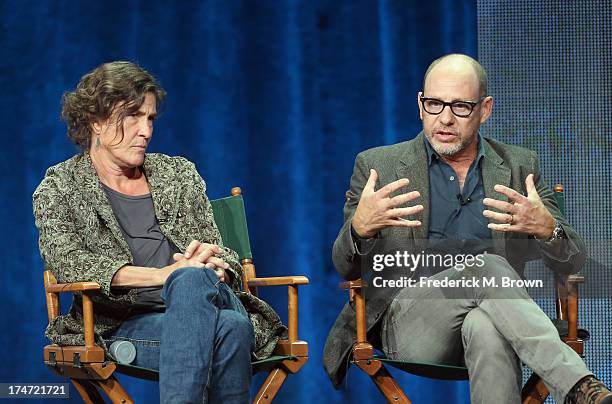 Directors Gwyneth Horder-Payton and Daniel Sackheim speak onstage during "FX Directors" panel as part of the 2013 Summer Television Critics...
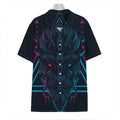 Geometric Japanese Demon Print Hawaiian Shirt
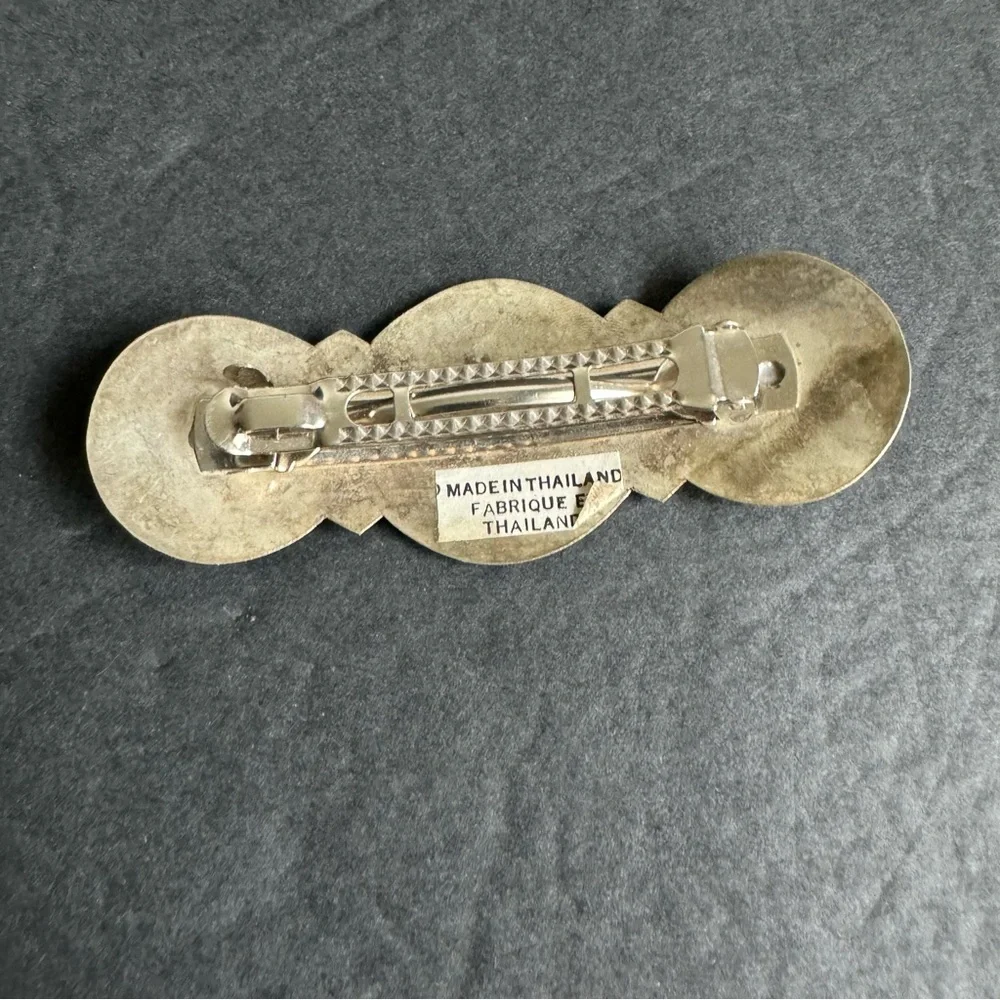 Vintage Boho Hair Clip Large Barrette Mixed Metal Brass‎ Silver Western Cowgirl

### ACTIVITY
What is needed is an exact repeat of only the lines from the one containing "Geometric Japanese Demon" through the last line of the listing above, both ends included, without the pictures.

### EXPECTED ANSWER
 Geometric Japanese Demon Print Hawaiian Shirt
 Vintage Boho Hair Clip Large Barrette Mixed Metal Brass‎ Silver Western Cowgirl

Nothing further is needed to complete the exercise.